++++ DATA UNDER STUDY
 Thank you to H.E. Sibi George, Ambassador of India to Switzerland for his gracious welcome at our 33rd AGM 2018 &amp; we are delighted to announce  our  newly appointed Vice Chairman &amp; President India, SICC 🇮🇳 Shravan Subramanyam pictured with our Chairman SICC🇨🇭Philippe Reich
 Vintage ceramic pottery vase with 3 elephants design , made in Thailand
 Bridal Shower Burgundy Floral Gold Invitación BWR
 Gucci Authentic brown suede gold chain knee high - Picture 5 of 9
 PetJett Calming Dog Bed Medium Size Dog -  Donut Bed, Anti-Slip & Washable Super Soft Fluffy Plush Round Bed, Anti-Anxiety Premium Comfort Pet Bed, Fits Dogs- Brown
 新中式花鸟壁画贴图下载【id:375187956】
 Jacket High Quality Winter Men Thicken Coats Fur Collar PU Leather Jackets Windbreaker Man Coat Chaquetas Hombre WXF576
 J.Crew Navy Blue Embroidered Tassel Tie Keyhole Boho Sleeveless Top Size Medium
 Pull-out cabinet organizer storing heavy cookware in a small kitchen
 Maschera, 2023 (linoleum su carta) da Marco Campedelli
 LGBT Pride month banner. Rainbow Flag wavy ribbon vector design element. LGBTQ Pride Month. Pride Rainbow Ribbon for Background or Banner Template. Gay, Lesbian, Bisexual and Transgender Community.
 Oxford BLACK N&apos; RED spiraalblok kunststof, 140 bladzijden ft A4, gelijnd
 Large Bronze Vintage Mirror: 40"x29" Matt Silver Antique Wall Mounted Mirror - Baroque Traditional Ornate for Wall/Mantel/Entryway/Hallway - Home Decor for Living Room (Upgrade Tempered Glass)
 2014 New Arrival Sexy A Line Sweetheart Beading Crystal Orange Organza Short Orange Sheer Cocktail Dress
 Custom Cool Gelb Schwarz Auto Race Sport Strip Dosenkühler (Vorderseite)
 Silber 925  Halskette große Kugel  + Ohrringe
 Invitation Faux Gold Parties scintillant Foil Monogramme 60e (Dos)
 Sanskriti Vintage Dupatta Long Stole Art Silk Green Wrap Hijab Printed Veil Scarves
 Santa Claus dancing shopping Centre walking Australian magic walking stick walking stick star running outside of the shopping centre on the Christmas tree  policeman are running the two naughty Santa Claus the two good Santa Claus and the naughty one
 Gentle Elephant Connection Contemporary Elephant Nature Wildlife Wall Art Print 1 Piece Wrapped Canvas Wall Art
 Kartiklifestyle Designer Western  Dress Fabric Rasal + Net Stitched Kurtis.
++++++++
WHAT YOU HAVE TO DO
There is a run of lines above from the one with "Large Bronze Vintage" to the one with "Halskette große Kugel"; print exactly that run, both ends included, and nothing else.

ANSWER BELOW
 Large Bronze Vintage Mirror: 40"x29" Matt Silver Antique Wall Mounted Mirror - Baroque Traditional Ornate for Wall/Mantel/Entryway/Hallway - Home Decor for Living Room (Upgrade Tempered Glass)
 2014 New Arrival Sexy A Line Sweetheart Beading Crystal Orange Organza Short Orange Sheer Cocktail Dress
 Custom Cool Gelb Schwarz Auto Race Sport Strip Dosenkühler (Vorderseite)
 Silber 925  Halskette große Kugel  + Ohrringe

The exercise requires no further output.